Now let's calculate the test statistic and compare it to the critical value or p-value.
Given values:
Sample size (n) = 41
Sample standard deviation (s) = 0.58 mm
Hypothesized standard deviation under the null hypothesis (σ₀) = 0.5 mm
Significance level (α) = 0.05 (or 5%)
Step 3: Calculate the test statistic:
χ² = (n - 1) * (s / σ₀)²
= (41 - 1) * (0.58 / 0.5)²
Calculating this, we get χ² ≈ 30.360
Step 4: Determine the critical value or p-value:
Since we have a right-tailed test, we need to find the critical value from the chi-square distribution table with (n - 1) degrees of freedom and a significance level of α = 0.05.
With (41 - 1) = 40 degrees of freedom, the critical value is approximately 56.327.
Alternatively, we can calculate the p-value associated with the test statistic using a chi-square distribution calculator, given the test statistic (χ²), degrees of freedom (df), and type of test (right-tailed).

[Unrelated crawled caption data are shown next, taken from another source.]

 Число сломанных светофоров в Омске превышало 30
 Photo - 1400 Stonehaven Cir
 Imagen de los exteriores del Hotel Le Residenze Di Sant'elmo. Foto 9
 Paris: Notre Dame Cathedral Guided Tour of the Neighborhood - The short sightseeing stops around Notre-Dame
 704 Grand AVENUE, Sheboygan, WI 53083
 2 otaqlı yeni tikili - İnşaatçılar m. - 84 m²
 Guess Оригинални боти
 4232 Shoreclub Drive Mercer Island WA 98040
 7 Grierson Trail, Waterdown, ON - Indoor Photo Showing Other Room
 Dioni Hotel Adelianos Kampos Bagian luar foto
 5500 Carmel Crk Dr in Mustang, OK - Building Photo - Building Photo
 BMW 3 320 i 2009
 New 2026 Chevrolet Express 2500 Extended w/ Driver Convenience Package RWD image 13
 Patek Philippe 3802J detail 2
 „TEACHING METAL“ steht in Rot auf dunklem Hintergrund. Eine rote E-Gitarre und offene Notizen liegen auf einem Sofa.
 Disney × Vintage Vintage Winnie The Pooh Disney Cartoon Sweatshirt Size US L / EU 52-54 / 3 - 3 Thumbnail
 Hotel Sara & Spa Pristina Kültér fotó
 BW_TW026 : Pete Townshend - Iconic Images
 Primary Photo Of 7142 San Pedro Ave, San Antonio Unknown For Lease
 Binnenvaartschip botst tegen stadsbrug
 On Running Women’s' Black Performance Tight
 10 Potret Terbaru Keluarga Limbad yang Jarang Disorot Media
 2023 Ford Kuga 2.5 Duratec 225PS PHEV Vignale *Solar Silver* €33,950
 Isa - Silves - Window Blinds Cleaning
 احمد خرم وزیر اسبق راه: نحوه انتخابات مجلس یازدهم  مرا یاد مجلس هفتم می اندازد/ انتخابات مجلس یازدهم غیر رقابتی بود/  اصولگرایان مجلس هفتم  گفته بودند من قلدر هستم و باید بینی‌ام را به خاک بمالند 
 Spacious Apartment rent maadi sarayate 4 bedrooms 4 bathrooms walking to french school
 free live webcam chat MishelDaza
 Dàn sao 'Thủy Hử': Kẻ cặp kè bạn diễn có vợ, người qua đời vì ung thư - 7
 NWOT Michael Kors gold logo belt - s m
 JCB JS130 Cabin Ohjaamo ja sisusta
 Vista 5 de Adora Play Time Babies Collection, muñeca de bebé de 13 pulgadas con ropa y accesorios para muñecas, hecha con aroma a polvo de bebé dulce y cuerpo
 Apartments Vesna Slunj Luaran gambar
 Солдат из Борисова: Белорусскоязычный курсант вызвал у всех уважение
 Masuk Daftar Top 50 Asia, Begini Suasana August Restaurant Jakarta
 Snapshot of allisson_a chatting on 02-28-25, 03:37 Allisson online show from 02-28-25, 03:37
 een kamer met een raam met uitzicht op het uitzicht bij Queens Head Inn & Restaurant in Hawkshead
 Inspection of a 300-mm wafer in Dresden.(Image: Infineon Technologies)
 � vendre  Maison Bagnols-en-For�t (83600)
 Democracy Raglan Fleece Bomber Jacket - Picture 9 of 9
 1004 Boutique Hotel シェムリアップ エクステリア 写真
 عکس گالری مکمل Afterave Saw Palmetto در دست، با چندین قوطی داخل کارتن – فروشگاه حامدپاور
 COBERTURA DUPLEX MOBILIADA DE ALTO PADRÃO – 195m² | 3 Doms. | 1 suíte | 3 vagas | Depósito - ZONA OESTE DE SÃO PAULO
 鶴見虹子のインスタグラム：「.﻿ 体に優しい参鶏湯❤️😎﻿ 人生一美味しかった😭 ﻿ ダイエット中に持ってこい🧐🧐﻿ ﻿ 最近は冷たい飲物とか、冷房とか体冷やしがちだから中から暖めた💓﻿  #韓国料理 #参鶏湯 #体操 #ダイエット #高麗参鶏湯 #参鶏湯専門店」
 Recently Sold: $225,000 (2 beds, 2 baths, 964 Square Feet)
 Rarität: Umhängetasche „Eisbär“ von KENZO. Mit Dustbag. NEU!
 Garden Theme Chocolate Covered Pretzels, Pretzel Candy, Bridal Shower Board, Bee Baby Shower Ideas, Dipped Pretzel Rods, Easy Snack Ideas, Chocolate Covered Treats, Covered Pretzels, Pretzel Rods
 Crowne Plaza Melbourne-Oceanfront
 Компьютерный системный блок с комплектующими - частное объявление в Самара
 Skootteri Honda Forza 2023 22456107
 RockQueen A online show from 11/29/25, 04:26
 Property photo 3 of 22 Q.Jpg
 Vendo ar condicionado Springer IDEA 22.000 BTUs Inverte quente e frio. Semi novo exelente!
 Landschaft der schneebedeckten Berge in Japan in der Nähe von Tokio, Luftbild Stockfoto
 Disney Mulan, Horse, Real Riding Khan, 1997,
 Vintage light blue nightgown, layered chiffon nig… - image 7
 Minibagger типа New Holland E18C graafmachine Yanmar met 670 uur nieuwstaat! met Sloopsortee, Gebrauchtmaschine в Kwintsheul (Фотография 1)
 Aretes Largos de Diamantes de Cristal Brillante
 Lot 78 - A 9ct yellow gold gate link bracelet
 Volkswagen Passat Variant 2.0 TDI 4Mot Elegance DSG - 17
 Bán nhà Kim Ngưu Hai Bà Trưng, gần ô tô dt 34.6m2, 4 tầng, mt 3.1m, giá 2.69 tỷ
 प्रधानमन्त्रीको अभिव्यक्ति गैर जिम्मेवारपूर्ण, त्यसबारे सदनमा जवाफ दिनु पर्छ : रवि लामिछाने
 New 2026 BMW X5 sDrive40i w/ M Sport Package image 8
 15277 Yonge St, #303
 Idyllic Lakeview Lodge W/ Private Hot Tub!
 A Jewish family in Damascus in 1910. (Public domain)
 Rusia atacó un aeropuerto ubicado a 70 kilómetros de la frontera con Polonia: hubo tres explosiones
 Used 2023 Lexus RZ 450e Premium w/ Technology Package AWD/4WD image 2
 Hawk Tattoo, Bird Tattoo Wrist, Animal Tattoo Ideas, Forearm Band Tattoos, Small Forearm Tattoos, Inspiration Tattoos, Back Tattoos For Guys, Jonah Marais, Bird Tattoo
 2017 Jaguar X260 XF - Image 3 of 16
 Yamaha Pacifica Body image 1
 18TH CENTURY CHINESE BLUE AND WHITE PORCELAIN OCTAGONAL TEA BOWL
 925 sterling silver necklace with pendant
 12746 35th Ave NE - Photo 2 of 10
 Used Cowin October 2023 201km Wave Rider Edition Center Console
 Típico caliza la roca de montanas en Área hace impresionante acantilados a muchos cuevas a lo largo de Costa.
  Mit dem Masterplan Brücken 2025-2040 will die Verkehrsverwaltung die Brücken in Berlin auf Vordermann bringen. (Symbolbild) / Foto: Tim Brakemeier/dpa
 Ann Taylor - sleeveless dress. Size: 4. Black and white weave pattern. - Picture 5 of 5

Step 5: Compare the test statistic with the critical value or p-value:
- χ² > critical value: 30.360 > 56.327
- p-value < α: p-value < 0.05
Since the test statistic is less than the critical value (30.360 ≤ 56.327) and the p-value is greater than the significance level (p-value > 0.05), we fail to reject the null hypothesis.
Therefore, based on this sample, there is not enough evidence to suggest that the process should be adjusted to correct the standard deviation of the product.